The data
+===+

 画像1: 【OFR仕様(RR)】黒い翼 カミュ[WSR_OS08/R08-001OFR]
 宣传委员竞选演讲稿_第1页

+===+

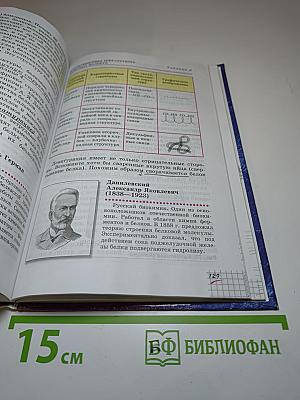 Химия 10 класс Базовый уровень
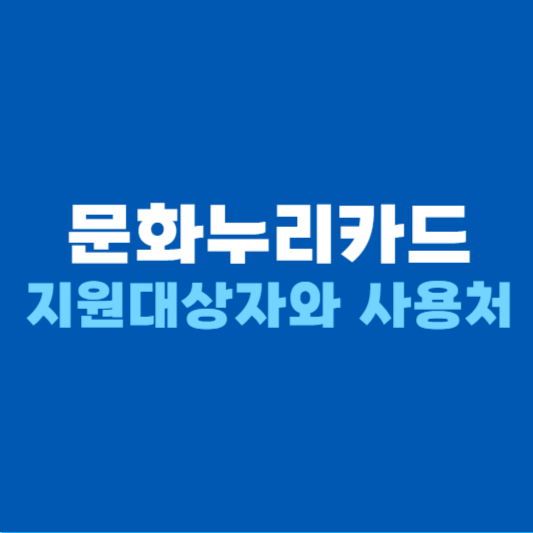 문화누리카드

+===+

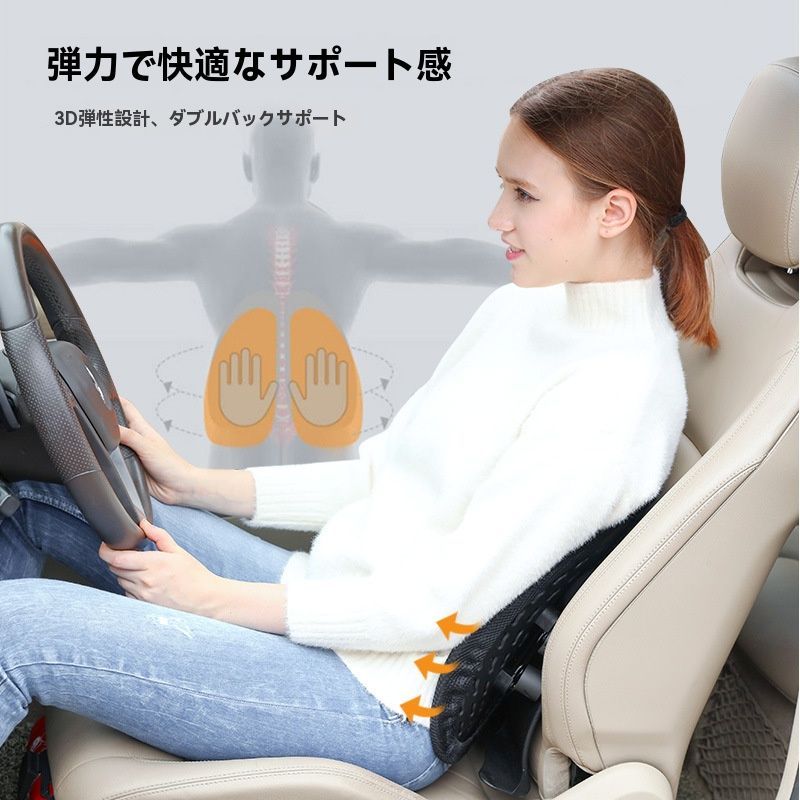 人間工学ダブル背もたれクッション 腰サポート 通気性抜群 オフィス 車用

+===+

What is required
Once you find the line with "画像1: 【OFR仕様(RR)】黒い翼 カミュ[WSR_OS08/R08-001OFR]" in the entries above, output it and each line after it up to and including the line with "宣传委员竞选演讲稿_第1页", and nothing else.

Task response
 画像1: 【OFR仕様(RR)】黒い翼 カミュ[WSR_OS08/R08-001OFR]
 宣传委员竞选演讲稿_第1页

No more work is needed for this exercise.